Input for this task
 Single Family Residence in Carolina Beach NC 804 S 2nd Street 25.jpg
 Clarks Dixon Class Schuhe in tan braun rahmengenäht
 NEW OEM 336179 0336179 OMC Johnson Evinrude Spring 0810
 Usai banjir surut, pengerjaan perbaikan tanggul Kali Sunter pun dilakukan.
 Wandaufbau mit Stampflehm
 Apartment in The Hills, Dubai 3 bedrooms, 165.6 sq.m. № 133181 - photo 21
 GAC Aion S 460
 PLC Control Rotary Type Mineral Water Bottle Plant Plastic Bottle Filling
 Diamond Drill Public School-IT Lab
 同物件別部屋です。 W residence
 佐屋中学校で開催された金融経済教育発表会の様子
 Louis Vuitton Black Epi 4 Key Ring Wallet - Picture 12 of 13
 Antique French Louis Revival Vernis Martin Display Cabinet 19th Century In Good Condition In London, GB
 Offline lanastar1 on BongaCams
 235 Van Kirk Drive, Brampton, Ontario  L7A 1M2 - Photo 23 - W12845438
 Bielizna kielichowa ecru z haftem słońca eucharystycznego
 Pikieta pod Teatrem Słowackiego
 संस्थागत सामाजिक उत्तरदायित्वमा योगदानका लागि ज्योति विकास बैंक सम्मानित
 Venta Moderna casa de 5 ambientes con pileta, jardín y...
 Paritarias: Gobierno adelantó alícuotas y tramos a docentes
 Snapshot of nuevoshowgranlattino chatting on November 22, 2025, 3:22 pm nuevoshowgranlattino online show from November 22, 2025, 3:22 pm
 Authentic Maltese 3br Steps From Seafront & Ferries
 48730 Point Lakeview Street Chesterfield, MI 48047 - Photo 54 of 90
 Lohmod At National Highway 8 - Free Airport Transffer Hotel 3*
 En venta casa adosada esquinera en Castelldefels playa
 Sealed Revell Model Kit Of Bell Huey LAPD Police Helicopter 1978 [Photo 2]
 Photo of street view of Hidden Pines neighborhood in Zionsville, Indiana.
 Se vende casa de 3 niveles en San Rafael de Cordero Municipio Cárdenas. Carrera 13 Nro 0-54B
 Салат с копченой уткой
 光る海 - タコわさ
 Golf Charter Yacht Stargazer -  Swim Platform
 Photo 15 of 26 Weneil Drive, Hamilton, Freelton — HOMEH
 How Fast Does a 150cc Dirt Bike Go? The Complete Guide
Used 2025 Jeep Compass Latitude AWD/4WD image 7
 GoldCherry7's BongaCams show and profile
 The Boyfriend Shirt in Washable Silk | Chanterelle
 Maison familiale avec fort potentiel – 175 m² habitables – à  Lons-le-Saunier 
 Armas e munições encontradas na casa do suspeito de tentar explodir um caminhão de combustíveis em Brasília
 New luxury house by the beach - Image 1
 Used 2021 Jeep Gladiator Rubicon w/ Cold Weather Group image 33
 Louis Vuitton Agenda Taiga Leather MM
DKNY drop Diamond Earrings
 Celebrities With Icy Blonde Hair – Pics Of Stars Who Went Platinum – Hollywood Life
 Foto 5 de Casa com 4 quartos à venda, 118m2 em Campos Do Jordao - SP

Description of the task
Wherever the word "Diamond" shows up in the material, copy the line it is on.

Answer box
 Diamond Drill Public School-IT Lab
DKNY drop Diamond Earrings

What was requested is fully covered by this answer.